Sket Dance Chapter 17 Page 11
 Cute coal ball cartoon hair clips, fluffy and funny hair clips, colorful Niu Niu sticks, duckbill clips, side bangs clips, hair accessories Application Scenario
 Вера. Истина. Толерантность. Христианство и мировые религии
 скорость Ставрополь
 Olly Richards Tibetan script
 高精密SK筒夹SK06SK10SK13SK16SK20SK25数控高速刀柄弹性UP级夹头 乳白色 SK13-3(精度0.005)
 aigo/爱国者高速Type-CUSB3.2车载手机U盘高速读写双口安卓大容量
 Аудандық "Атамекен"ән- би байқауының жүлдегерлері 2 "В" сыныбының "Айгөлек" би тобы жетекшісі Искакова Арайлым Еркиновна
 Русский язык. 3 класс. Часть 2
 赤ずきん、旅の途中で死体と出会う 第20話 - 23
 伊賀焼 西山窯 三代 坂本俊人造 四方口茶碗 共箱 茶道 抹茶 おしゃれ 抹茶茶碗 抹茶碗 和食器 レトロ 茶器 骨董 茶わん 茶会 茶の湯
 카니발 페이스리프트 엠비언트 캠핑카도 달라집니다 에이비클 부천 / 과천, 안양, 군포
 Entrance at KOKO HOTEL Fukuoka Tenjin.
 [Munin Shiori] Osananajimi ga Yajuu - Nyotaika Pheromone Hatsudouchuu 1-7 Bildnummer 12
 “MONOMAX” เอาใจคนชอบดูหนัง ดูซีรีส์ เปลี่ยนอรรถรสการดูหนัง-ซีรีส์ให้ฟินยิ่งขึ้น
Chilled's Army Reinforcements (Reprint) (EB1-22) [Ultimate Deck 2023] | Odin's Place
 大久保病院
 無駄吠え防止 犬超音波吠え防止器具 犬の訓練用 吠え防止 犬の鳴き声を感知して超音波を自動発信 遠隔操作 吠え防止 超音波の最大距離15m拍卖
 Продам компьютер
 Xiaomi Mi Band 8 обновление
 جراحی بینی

Task goal: Each line of the data needs to be repeated exactly.

Result below:
Sket Dance Chapter 17 Page 11
 Cute coal ball cartoon hair clips, fluffy and funny hair clips, colorful Niu Niu sticks, duckbill clips, side bangs clips, hair accessories Application Scenario
 Вера. Истина. Толерантность. Христианство и мировые религии
 скорость Ставрополь
 Olly Richards Tibetan script
 高精密SK筒夹SK06SK10SK13SK16SK20SK25数控高速刀柄弹性UP级夹头 乳白色 SK13-3(精度0.005)
 aigo/爱国者高速Type-CUSB3.2车载手机U盘高速读写双口安卓大容量
 Аудандық "Атамекен"ән- би байқауының жүлдегерлері 2 "В" сыныбының "Айгөлек" би тобы жетекшісі Искакова Арайлым Еркиновна
 Русский язык. 3 класс. Часть 2
 赤ずきん、旅の途中で死体と出会う 第20話 - 23
 伊賀焼 西山窯 三代 坂本俊人造 四方口茶碗 共箱 茶道 抹茶 おしゃれ 抹茶茶碗 抹茶碗 和食器 レトロ 茶器 骨董 茶わん 茶会 茶の湯
 카니발 페이스리프트 엠비언트 캠핑카도 달라집니다 에이비클 부천 / 과천, 안양, 군포
 Entrance at KOKO HOTEL Fukuoka Tenjin.
 [Munin Shiori] Osananajimi ga Yajuu - Nyotaika Pheromone Hatsudouchuu 1-7 Bildnummer 12
 “MONOMAX” เอาใจคนชอบดูหนัง ดูซีรีส์ เปลี่ยนอรรถรสการดูหนัง-ซีรีส์ให้ฟินยิ่งขึ้น
Chilled's Army Reinforcements (Reprint) (EB1-22) [Ultimate Deck 2023] | Odin's Place
 大久保病院
 無駄吠え防止 犬超音波吠え防止器具 犬の訓練用 吠え防止 犬の鳴き声を感知して超音波を自動発信 遠隔操作 吠え防止 超音波の最大距離15m拍卖
 Продам компьютер
 Xiaomi Mi Band 8 обновление
 جراحی بینی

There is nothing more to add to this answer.